Brothers, We Are Not Professionals also includes chapters which encourage pastors to pray, to be good stewards of their bodies, and to love their wives. It may seem that such admonitions would be redundant for men who have been called to teach others what God’s Word says, but we know the sin and hypocrisy that lurks in our hearts, so it’s valuable to hear the reminders from another pastor who has seen the problem and is concerned. I also found especially interesting the chapter titled, “Brothers, Show Your People Why God Inspired Hard Texts.”

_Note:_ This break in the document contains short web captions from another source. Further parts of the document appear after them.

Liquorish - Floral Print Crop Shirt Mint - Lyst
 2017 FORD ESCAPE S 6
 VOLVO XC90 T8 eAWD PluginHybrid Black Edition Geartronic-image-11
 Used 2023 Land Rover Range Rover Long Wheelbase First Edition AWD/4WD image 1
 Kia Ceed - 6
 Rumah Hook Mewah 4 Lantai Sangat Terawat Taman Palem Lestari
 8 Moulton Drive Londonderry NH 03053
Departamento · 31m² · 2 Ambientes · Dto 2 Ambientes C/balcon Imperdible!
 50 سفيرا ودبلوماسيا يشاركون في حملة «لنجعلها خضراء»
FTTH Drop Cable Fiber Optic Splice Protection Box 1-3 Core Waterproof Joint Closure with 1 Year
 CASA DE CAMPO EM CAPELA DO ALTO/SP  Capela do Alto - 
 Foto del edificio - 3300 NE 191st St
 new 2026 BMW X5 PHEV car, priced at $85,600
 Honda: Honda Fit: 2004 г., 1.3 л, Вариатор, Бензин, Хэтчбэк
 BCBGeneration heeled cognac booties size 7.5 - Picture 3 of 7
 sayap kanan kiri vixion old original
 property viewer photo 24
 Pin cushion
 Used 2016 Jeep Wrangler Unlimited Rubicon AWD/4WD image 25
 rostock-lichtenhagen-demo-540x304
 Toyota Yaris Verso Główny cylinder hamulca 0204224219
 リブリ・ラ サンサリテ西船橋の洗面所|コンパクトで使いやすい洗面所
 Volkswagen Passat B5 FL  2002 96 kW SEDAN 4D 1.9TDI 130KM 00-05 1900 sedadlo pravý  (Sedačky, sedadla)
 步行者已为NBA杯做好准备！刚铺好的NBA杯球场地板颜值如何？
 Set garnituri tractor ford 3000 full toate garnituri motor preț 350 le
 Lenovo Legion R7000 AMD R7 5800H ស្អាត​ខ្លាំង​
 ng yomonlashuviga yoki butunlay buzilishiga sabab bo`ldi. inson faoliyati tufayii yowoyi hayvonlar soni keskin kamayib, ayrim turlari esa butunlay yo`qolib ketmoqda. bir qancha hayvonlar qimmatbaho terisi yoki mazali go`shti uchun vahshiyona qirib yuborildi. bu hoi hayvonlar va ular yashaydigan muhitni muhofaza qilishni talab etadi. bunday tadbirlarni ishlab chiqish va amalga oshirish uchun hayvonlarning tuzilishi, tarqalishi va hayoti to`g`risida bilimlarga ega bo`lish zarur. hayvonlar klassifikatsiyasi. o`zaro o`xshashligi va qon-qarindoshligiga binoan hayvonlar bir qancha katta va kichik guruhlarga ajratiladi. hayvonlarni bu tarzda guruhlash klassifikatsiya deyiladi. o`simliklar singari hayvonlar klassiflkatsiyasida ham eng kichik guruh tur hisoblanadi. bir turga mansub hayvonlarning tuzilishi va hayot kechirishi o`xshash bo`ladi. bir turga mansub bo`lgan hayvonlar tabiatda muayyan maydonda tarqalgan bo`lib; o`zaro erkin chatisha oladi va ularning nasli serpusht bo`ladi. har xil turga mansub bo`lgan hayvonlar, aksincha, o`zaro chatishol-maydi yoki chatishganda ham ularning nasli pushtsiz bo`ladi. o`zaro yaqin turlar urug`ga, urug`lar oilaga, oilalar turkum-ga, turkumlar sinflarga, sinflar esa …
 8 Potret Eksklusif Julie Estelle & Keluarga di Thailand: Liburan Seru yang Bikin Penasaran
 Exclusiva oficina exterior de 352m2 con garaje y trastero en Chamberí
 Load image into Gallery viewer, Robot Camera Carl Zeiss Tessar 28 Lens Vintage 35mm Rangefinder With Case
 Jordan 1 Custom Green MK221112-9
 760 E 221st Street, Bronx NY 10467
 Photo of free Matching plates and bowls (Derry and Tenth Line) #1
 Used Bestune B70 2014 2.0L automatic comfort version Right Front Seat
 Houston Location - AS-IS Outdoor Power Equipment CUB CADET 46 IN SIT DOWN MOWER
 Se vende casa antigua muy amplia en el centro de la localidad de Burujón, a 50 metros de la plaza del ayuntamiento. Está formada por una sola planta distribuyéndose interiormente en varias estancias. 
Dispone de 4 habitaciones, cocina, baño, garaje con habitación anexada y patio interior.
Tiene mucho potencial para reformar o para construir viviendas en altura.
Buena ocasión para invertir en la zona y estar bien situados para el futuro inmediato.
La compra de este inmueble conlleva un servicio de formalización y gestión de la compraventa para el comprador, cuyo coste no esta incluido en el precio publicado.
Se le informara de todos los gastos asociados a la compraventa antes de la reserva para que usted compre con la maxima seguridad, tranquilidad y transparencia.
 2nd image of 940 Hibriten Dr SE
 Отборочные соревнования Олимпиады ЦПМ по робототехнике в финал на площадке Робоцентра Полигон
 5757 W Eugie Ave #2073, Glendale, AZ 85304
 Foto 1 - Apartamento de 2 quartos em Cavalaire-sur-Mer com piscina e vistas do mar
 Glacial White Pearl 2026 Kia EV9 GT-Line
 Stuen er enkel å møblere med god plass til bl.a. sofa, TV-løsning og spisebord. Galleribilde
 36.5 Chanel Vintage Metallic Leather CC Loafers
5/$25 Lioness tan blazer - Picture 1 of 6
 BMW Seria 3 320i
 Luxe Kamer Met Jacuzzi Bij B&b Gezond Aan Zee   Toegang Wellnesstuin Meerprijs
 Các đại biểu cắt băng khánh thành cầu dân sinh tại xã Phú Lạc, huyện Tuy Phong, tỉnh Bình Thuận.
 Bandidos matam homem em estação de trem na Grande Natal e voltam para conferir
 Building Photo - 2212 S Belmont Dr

Some chapters in the book, however, are not just unhelpful but actually contain false teaching. The title of Chapter 23, “Brothers, Magnify the Meaning of Baptism,” may sound promising, but the author proceeds to deprive baptism of its true meaning. Taking on 1 Peter 3:21, a passage which he concedes “frightens many Baptists away,” he all but ignores the phrase, “baptism that now saves you.” Instead he focuses on the final part of the verse to conclude, “Baptism is the outward appeal of faith to God in the heart” (158). In the chapter, “Brothers, God Loves His Glory,” Piper’s theological emphasis as a Baptist comes through when he repeatedly makes statements, such as, “Let us declare boldly and powerfully what God loves most—the glory of God” (9). The same is true when the author writes, “Superficial appearances to the contrary, this does not imply that true saints can lose their salvation” (128). In addition, Piper makes a statement that has the potential to damage souls with its confusion of law and gospel when he writes, “The only true sorrow for not having holiness comes from a love for holiness, not just from a fear of the consequences of not having it” (141).
Some years ago, Brothers, We Are Not Professionals was rated by Preaching magazine as one of the “Ten Best Books Every Preacher Should Read.” Given the number of doctrinal concerns with the book, it would be difficult to recommend it in good conscience. After the preface and the first chapter, the author did not continue to connect the dangers of “professionalism” with the subjects addressed in each chapter. In addition, the meaning of the phrase used in the subtitle, “radical ministry,” is one the reader would have to understand by inference rather than by a direct statement of what the author means with it. The book, however, does offer some good insight into the ministry priorities of one of this country’s most well-known Evangelical leaders—and along the way he says some things with which I’d strongly agree.
John Piper is founder and teacher of desiringGod.org and chancellor of Bethlehem College and Seminary in Minneapolis. For 33 years, he served as pastor of Bethlehem Baptist Church in Minneapolis.